======== DATASET ENTRIES
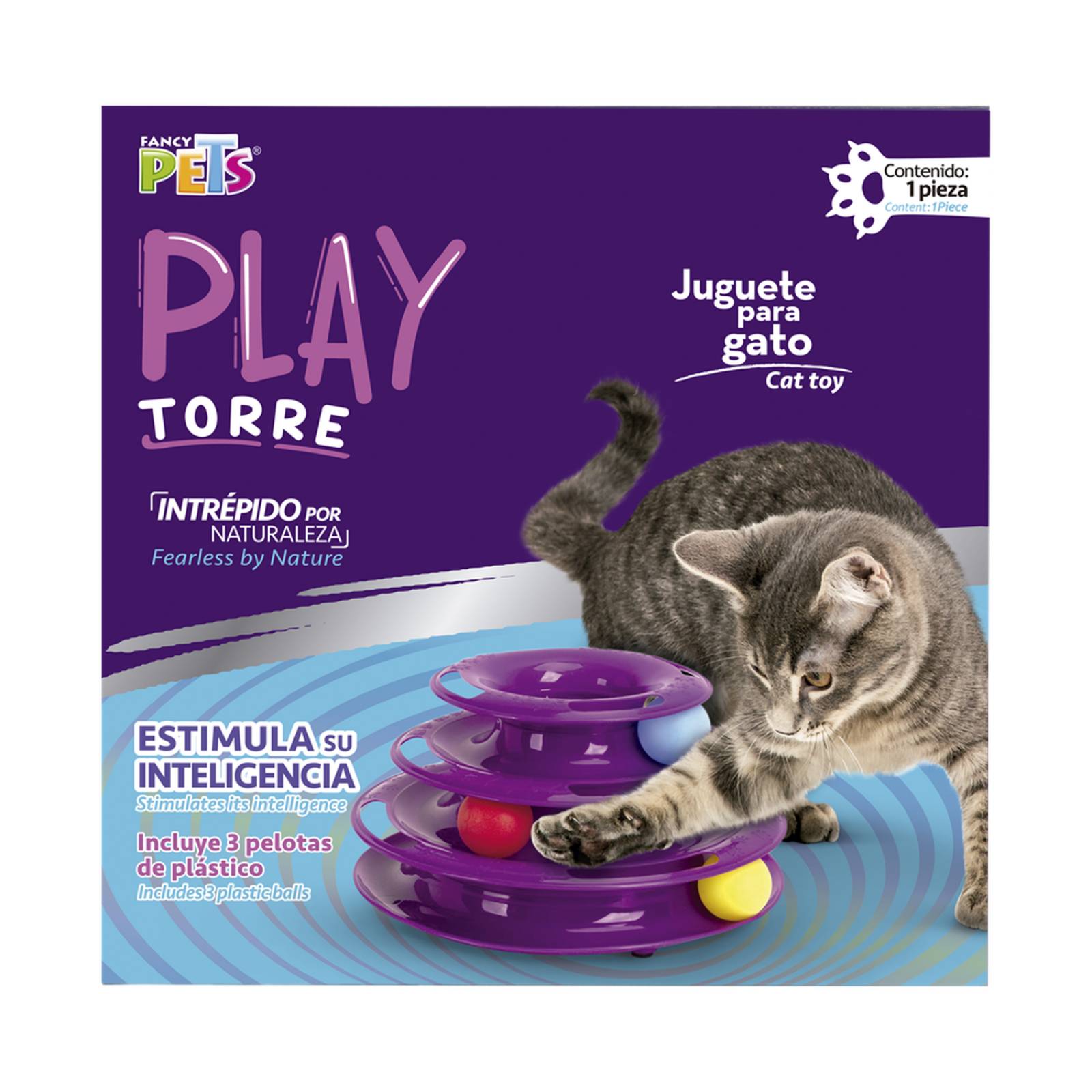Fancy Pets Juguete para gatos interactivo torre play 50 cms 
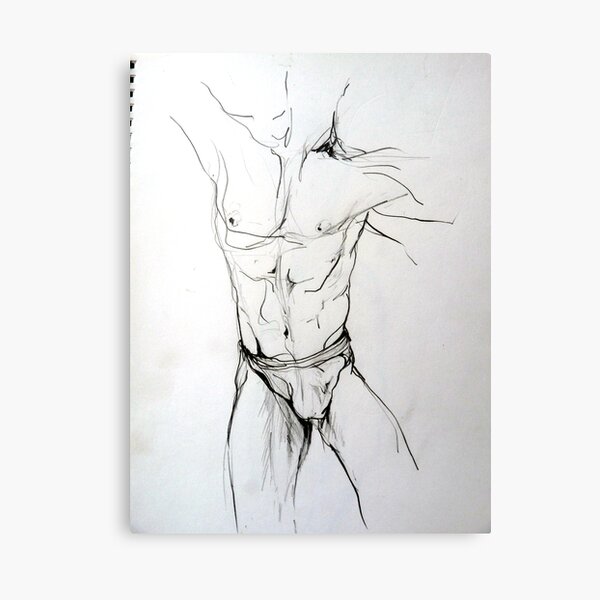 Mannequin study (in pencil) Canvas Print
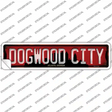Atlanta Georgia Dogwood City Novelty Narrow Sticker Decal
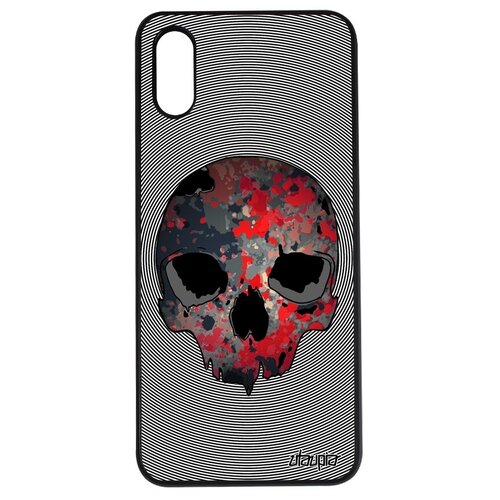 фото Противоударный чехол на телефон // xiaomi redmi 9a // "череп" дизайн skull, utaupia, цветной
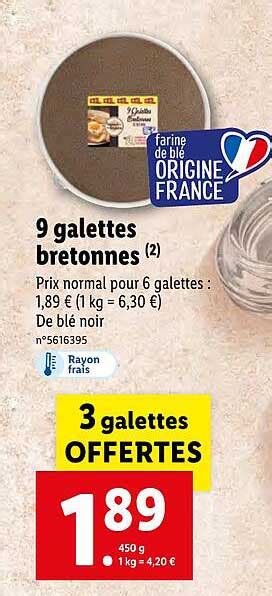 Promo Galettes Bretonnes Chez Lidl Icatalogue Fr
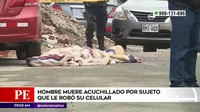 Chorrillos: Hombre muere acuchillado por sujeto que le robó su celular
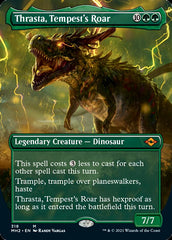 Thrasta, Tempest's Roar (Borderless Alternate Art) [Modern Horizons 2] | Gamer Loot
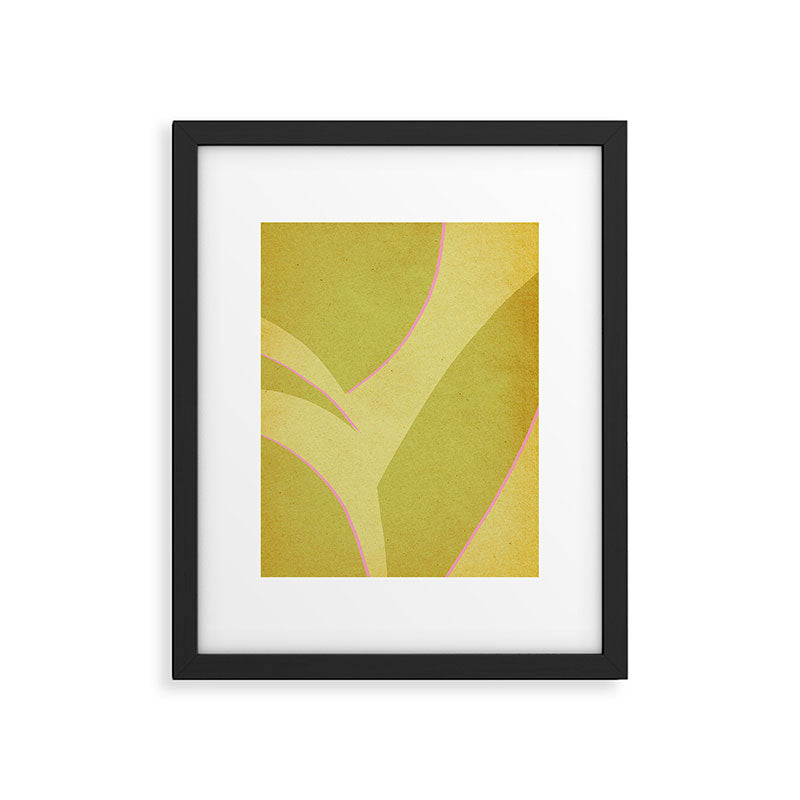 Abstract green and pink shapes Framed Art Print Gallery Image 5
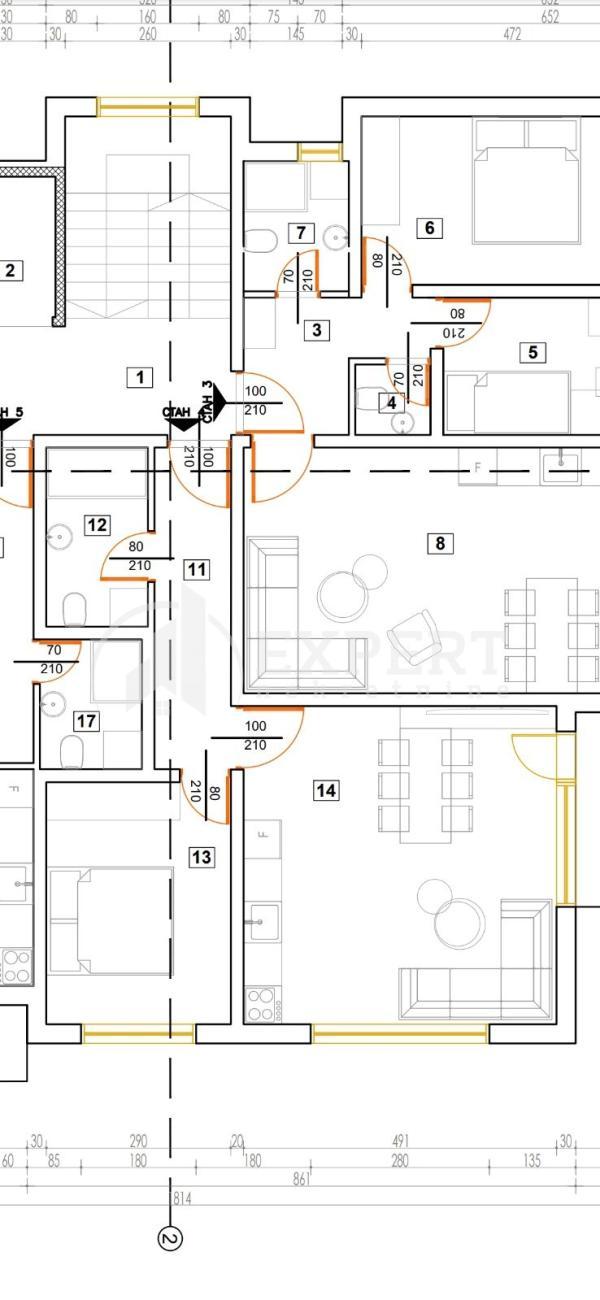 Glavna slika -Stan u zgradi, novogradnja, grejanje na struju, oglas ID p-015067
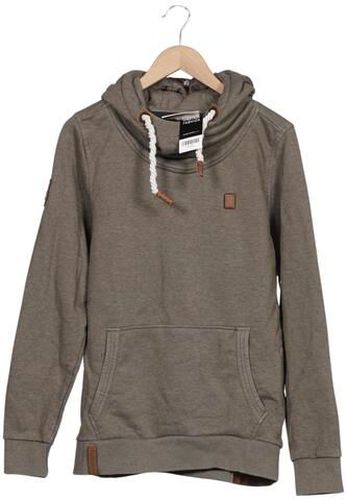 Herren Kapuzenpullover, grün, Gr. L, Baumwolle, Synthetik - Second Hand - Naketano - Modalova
================
======== DATASET ENTRIES
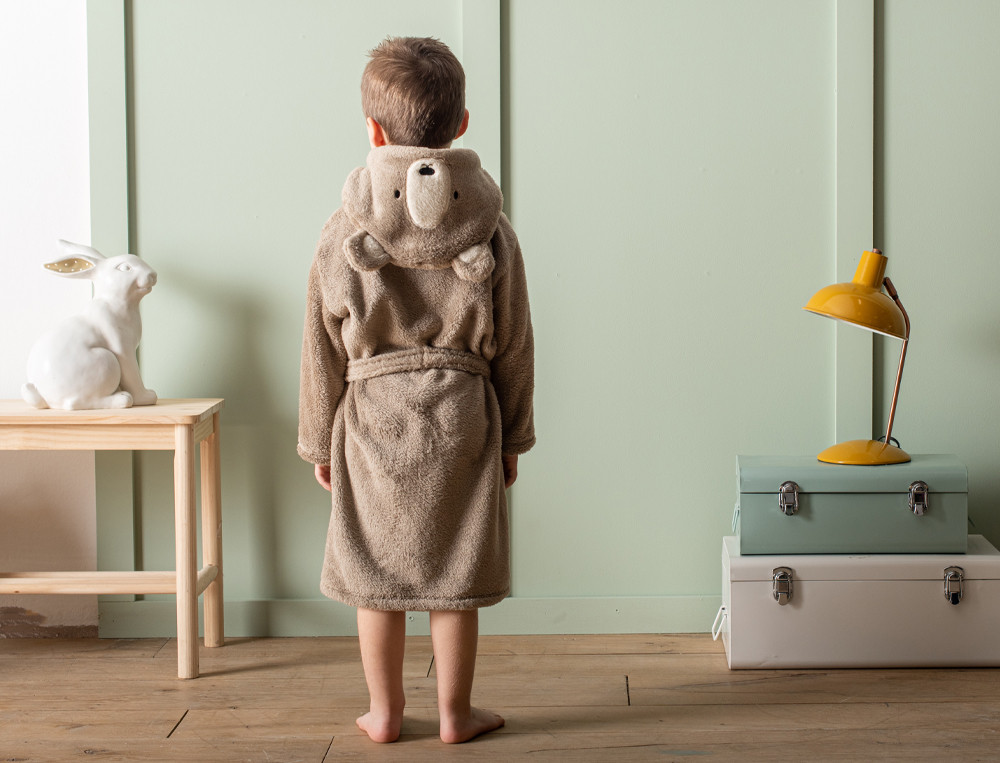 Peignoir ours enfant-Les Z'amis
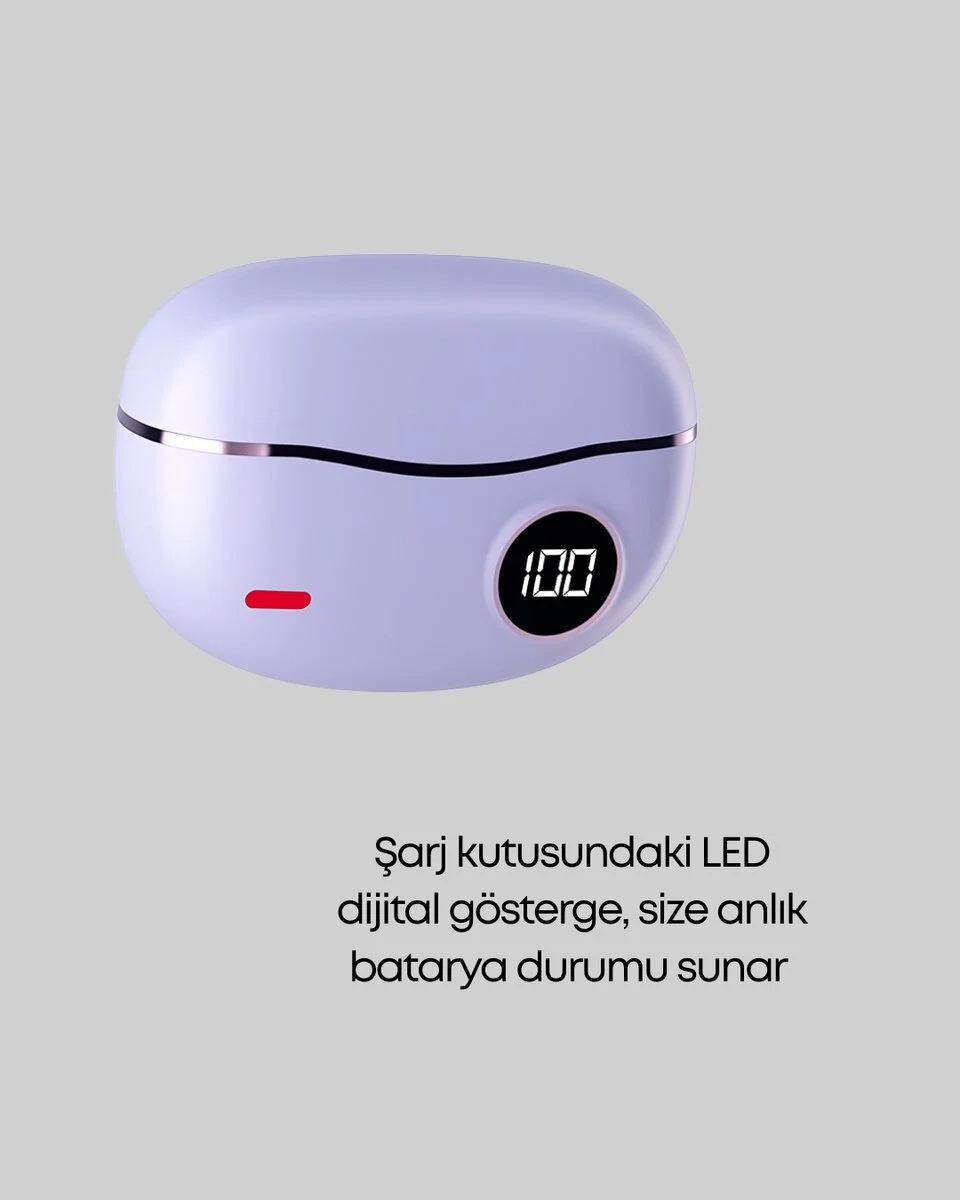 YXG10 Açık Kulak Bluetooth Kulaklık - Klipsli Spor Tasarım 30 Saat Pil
================
======== DATASET ENTRIES
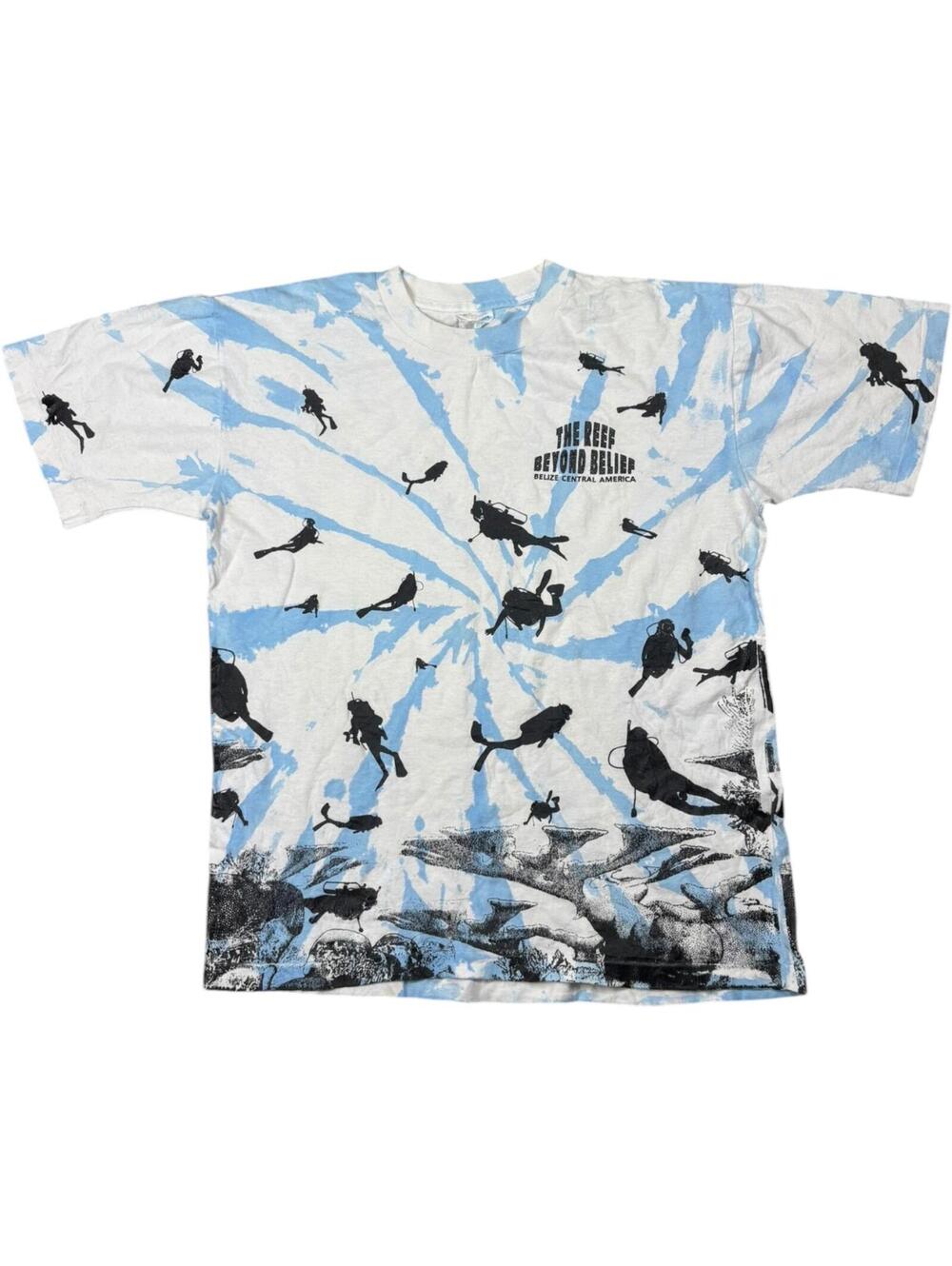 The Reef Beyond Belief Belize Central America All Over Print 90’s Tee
================
What's needed is an exact copy of the lines above from the one with "Mannequin study (in pencil) Canvas Print" through the one with "Promo Galettes Bretonnes", both included; the pictures stay out.

THE ANSWER =
 Mannequin study (in pencil) Canvas Print
Atlanta Georgia Dogwood City Novelty Narrow Sticker Decal
 фото Противоударный чехол на телефон // xiaomi redmi 9a // "череп" дизайн skull, utaupia, цветной
 Promo Galettes Bretonnes Chez Lidl Icatalogue Fr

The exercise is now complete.